The implantable electrical stimulator 100 may include an electrode lead 30. By way of example only, at least a portion of the electrode lead 30 may be implanted into the patient's spinal epidural space. Of course, in other examples, the electrode lead 30 may also be implanted into other peripheral nerves. The electrode lead 30 includes a plurality of electrode contacts 40. Exemplarily, the number of electrode contacts 40 may be 2, 4, 6, or 8. Of course, in other examples, the number of electrode contacts 40 may also be other numbers, and the present disclosure does not specifically limit the number of electrode contacts 40. For example, in some embodiments, the number of electrode contacts 40 may also be an odd number.

The implantable electrical stimulator 100 is configured to generate electrical pulses. It should be noted that in the present disclosure, electrical pulses may refer to current pulses or voltage pulses. The electrical pulses are transmitted to the electrode contacts 40 via the electrode leads 30, and are ultimately delivered to the target nerves of the patient via the electrode contacts 40 to achieve therapeutic purposes such as pain relief.

The implantable electrical stimulator 100 provided by the present disclosure is placed in the patient's body, and the implantable electrical stimulator 100 can be supplemented with electrical energy through, for example, an external charging device 60. At the same time, the implantable electrical stimulator 100 can also be configured to exchange data through an external programming device 50. If the implantable electrical stimulator 100 provided by the present disclosure is used, functions such as wireless charging, pulse control instruction changes, data exchange, etc. can be conveniently realized through external devices.

For ease of understanding, the structure of the implantable electrical stimulator 100 is illustrated below. It should be understood that the structure of the implantable electrical stimulator 100 should not be limited to the following description. For example, one or more of the elements cited below can be omitted or replaced, and the layout relationship between them can be replaced.

For example, the implantable electrical stimulator 100 may be mainly composed of a shell part, a control device, an interactive device, and leads and electrode contacts. The main function of the shell part is to provide a solid protective layer for the internal components of the implantable electrical stimulator 100, such as the rechargeable battery 103, the control device, etc. This helps to prevent the physical impact of the external environment, the erosion of chemical substances, and the natural reaction of the organism, such as rejection, from damaging the internal components, and ensure the stable and safe operation of the electrical stimulator. The control device is the core part of the electrical stimulator. This module can generate electrical stimulation pulses with a certain frequency, waveform, pulse width, and intensity. These pulse parameters can be adjusted according to treatment needs. The interactive device usually includes a communication device 202 and a wireless charging device 203, etc. The communication device 202 is responsible for receiving instructions from the external controller and transmitting the instructions to the control device, and the control device generates a stimulation pulse control signal according to preset parameters. Some communication devices 202 also provide a system start-up and shutdown control interface, a stimulation signal generation module interface, and a program writing interface to ensure the normal operation of the entire system. Through the communication device 202, doctors or patients can, for example, remotely adjust the stimulation parameters of the electrical stimulator, such as frequency, pulse width, stimulation intensity, etc., as needed. This helps to implement personalized treatment plans and make real-time adjustments based on the treatment effect. Some communication devices 202 can also send information so that medical staff can record the use data, treatment effects and other information of the electrical stimulator, and store them on related equipment or cloud servers. The leads and stimulating physiological electrodes are the parts of the electrical stimulator that are in direct contact with the nerves or muscles, and are responsible for transmitting electrical stimulation pulses to the target nerves or muscle tissues, thereby achieving electrical stimulation treatment of the nerves or muscles.

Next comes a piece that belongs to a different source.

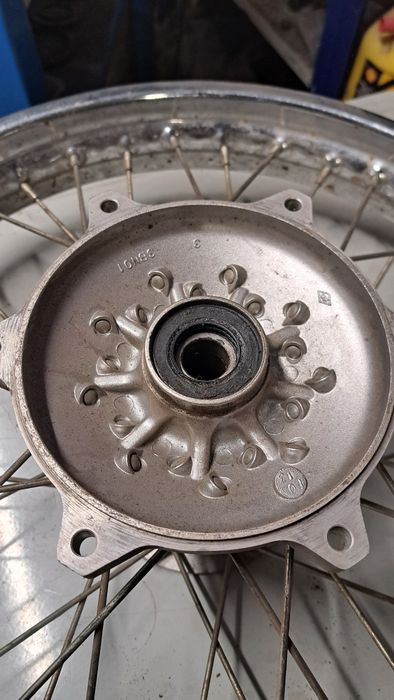 Felga koło Yamaha WR 125, DT 125 tył - idealna, prosciutka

Referring to FIG. 2 and FIG. 3 , in one embodiment, the housing portion divides the implanted stimulator into two parts, a first housing portion 10 and a second housing portion 20. The first housing portion 10 accommodates a control device and a battery 103. The control device includes, for example, a first circuit board 101 and a second circuit board 102 stacked and arranged at intervals along the thickness direction of the first housing portion 10, and, for example, a battery 103 arranged beside the first circuit board 101 and the second circuit board 102. The battery 103 is connected to the second circuit board 102 to provide power to the control device. The second housing portion 20 is located in the first housing portion 10 away from the battery 103 and accommodates an interactive device. The interactive device includes, for example, a communication device 202 and a wireless charging device 203. The communication device 202 is, for example, a spirally wound antenna connected to the control device via a connecting line 205. The wireless charging device 203 is, for example, an induction coil that can be connected to the control device via a connecting line 205. The induction coil can, for example, be attached to the inner surface of the second housing portion 20.

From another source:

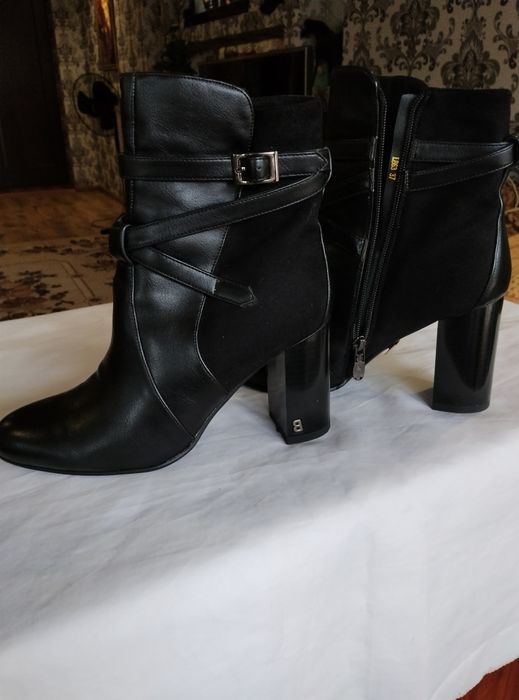 Продам сапожки жіночі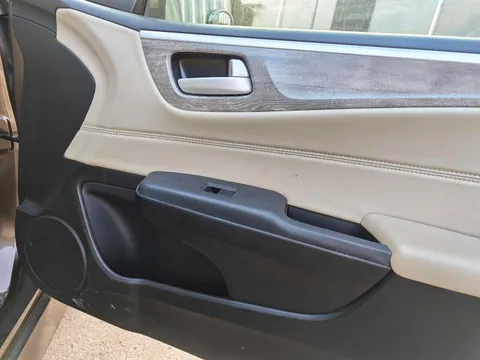 Honda Jade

As an embodiment, the first housing portion 10 is configured to at least partially form an electromagnetic shielding of the control device relative to the external environment, and the second housing portion 20 is configured to allow at least one interaction device to wirelessly interact with the external device.

The first housing portion 10 may be made of metal, such as titanium alloy. As an electromagnetic shielding layer, the first housing portion 10 is mainly used to protect internal electronic components such as pulse generators from external electromagnetic interference EMI. This is particularly important in the modern society where wireless communication devices are increasing and the electromagnetic environment is complex, and can ensure stable operation of the device and avoid misoperation or functional failure.

Furthermore, as shown in FIG3 , the implantable electrical stimulator 100 also includes an electromagnetic shielding component 204 , the first shell portion 10 is provided with a through channel 1001 (not shown in the figure), the electromagnetic shielding component 204 blocks the through channel 1001 , and at least one interactive device is electrically connected to the control device via at least one connecting wire 205 ; one end of each connecting wire 205 is electrically connected to the control device, and the other end thereof is electrically connected to the corresponding interactive device via the electromagnetic shielding component 204 .

The integrated structure of the electromagnetic shielding component 204 and the plugging of the through channel 1001 demonstrates high integration and space utilization efficiency, which is conducive to reducing the size of the implanted device and reducing the physiological and psychological burden on the patient.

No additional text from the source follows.